Behaviour under excessive load

In high traffic networks, a notary can receive a large amount of notarisation requests in a short time window. Once this number starts approaching the capacity the the notary can quickly handle, the notarisation response time will increase.

To avoid a notarisation request being lost in the event of a notary worker temporarily going down, retry functionality is built into Corda. If the node does not receive a response from the notary in a predefined period of time, the node will resend the notarisation request. Having this retry period fixed would mean that if the time to process a request starts starts to exceed the retry period, the notary will get inundated with requests. Hence to ensure the notary does not become overloaded the retry value is variable and based on the backpressure mechanism.

Flow Engine Behaviour

When a node makes a notarisation request it will receive back an estimated time to completion. This value represents an upper bound value for time that it should take to process the request, based on the current throughput of the cluster. Once the notarisation request has been processed the node will receive the response, however if no response has been received before the estimated processing time is up then the the node will retry the request.

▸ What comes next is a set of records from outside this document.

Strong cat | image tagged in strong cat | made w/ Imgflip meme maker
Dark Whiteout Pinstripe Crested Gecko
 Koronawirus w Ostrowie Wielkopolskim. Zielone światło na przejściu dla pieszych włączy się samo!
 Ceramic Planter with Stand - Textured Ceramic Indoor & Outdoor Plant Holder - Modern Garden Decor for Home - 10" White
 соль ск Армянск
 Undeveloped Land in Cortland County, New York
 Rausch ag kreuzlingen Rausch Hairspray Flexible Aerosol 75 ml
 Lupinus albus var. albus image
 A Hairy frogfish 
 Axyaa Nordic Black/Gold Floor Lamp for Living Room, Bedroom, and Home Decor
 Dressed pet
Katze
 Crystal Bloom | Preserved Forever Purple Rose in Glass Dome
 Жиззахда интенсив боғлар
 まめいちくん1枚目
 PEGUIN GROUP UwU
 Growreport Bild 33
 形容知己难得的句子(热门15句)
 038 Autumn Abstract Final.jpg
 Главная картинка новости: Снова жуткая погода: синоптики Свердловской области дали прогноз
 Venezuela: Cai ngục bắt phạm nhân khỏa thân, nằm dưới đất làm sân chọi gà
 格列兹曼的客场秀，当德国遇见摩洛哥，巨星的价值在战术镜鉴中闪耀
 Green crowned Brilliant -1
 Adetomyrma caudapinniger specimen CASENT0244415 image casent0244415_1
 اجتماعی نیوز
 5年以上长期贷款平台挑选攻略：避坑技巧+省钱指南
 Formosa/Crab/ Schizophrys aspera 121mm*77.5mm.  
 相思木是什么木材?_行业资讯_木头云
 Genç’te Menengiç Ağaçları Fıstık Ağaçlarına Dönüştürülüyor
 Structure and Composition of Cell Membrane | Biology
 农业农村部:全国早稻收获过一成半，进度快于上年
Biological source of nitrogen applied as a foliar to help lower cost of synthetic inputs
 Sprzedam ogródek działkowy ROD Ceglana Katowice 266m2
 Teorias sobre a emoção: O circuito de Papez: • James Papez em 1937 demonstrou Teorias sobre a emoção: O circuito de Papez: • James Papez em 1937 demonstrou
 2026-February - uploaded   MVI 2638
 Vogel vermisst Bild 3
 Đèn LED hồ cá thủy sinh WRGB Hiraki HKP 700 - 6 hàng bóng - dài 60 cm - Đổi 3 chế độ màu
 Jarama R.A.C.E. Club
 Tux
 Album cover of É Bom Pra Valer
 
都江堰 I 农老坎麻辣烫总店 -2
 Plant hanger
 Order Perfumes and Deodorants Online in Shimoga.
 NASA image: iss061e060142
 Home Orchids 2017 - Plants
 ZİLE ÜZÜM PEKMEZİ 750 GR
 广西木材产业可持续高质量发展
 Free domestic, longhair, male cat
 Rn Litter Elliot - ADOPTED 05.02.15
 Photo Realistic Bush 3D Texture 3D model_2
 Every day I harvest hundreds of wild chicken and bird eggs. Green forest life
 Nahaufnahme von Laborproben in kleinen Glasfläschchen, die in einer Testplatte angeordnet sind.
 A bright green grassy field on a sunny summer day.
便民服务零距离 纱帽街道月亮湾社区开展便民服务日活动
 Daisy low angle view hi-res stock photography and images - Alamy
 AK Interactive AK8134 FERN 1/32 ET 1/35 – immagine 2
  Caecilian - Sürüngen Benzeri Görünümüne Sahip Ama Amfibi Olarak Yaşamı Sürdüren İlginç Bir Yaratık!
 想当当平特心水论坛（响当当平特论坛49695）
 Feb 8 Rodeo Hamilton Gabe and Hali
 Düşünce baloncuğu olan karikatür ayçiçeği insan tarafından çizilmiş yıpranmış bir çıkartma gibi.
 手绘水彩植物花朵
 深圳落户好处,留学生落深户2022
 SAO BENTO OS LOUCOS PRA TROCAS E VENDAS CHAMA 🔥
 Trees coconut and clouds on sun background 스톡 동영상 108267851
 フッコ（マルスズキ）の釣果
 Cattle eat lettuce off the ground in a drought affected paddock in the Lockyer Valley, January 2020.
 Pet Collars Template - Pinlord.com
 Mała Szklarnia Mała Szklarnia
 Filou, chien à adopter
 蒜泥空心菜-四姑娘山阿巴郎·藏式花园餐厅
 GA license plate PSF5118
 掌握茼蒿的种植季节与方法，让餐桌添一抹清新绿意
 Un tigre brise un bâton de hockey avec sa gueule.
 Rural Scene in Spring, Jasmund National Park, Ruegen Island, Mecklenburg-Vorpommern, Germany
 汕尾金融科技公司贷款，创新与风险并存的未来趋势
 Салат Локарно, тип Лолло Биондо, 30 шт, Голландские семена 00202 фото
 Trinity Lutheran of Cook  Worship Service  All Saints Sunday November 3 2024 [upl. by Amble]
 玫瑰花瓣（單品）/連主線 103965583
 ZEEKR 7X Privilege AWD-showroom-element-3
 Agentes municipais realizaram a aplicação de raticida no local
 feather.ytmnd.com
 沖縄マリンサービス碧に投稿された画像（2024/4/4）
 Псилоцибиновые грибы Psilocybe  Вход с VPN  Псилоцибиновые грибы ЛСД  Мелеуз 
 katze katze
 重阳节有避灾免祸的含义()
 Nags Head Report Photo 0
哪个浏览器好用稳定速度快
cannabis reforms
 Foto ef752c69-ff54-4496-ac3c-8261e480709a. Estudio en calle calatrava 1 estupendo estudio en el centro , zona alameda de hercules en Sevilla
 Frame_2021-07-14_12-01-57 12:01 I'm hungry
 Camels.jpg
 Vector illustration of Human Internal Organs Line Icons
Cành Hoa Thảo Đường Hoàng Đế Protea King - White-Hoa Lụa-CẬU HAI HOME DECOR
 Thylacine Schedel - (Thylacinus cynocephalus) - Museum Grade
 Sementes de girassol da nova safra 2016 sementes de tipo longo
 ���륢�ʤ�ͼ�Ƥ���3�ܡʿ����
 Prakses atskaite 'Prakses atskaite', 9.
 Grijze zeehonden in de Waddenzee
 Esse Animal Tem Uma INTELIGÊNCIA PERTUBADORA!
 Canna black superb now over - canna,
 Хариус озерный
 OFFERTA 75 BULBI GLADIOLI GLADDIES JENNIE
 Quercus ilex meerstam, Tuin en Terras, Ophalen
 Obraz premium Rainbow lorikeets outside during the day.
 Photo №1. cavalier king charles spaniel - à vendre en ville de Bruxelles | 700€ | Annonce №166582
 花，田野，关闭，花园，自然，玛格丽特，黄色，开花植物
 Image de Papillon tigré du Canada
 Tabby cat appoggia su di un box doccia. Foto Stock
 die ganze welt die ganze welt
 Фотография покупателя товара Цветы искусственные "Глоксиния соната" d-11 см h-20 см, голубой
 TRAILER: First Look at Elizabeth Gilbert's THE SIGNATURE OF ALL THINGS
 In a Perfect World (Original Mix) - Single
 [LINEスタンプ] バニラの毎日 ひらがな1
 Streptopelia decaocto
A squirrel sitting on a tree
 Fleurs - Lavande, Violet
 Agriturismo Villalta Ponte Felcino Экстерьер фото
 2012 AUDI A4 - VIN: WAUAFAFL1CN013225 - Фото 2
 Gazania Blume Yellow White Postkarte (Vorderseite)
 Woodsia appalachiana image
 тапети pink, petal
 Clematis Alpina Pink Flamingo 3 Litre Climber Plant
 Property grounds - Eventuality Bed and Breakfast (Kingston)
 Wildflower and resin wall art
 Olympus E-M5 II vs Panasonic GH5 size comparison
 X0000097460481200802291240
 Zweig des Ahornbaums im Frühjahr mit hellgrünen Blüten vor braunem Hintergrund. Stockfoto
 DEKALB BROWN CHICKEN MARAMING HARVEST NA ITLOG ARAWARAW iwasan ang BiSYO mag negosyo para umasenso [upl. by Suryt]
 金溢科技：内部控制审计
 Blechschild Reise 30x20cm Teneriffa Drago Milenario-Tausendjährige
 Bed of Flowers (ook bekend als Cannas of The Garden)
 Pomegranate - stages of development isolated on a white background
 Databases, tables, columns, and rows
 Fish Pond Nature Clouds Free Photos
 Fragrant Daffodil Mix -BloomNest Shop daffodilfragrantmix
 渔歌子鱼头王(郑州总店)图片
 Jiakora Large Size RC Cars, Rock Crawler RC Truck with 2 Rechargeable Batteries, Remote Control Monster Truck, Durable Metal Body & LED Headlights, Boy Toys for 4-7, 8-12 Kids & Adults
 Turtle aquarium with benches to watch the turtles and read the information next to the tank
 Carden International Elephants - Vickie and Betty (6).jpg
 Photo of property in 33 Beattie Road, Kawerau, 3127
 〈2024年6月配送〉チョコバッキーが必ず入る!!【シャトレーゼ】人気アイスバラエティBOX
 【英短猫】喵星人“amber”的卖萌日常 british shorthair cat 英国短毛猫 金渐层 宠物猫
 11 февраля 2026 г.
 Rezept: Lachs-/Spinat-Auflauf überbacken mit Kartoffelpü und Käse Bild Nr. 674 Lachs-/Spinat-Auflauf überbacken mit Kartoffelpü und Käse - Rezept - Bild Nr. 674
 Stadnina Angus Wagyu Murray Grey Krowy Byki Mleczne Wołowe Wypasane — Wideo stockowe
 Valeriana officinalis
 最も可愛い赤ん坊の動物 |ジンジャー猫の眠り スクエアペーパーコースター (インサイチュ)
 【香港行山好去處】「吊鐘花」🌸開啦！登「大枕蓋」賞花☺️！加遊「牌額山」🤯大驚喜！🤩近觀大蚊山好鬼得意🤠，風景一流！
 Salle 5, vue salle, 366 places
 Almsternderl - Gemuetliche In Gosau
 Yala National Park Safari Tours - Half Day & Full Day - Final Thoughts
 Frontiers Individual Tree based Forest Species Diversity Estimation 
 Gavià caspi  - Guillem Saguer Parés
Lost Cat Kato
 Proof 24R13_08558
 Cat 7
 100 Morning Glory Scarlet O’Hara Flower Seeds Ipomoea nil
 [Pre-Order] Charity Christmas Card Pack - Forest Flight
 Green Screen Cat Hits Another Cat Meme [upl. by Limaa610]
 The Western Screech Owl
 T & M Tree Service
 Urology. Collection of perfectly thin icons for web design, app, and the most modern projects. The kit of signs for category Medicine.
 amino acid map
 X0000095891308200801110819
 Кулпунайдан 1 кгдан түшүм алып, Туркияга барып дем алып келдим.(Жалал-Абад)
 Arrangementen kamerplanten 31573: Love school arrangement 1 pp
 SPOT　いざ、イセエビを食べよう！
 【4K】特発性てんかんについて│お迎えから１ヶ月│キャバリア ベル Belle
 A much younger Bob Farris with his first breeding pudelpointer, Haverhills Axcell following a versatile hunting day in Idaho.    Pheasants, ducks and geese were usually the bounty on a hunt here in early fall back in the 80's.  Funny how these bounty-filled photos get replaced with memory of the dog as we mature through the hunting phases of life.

This mechanism means that requests should always be processed in the event of a notary worker failure, whilst notaries under heavy load do not receive premature, redundant retry requests.

Artemis Messaging Layer Behaviour

A less common scenario that can occur is the notary workers get sent a very large amount of requests which causes the Artemis message broker to become overloaded. For example, if the notary worker receives messages at a greater rate than the maximum rate its Artemis message broker can consume messages from the queue then message processing delays can start to occur.

If running a HA notary cluster then scaling up the worker cluster size will help negate this problem. See Scaling A Notary Cluster for more information. The backpressure within the flow engine should also help to prevent this scenario.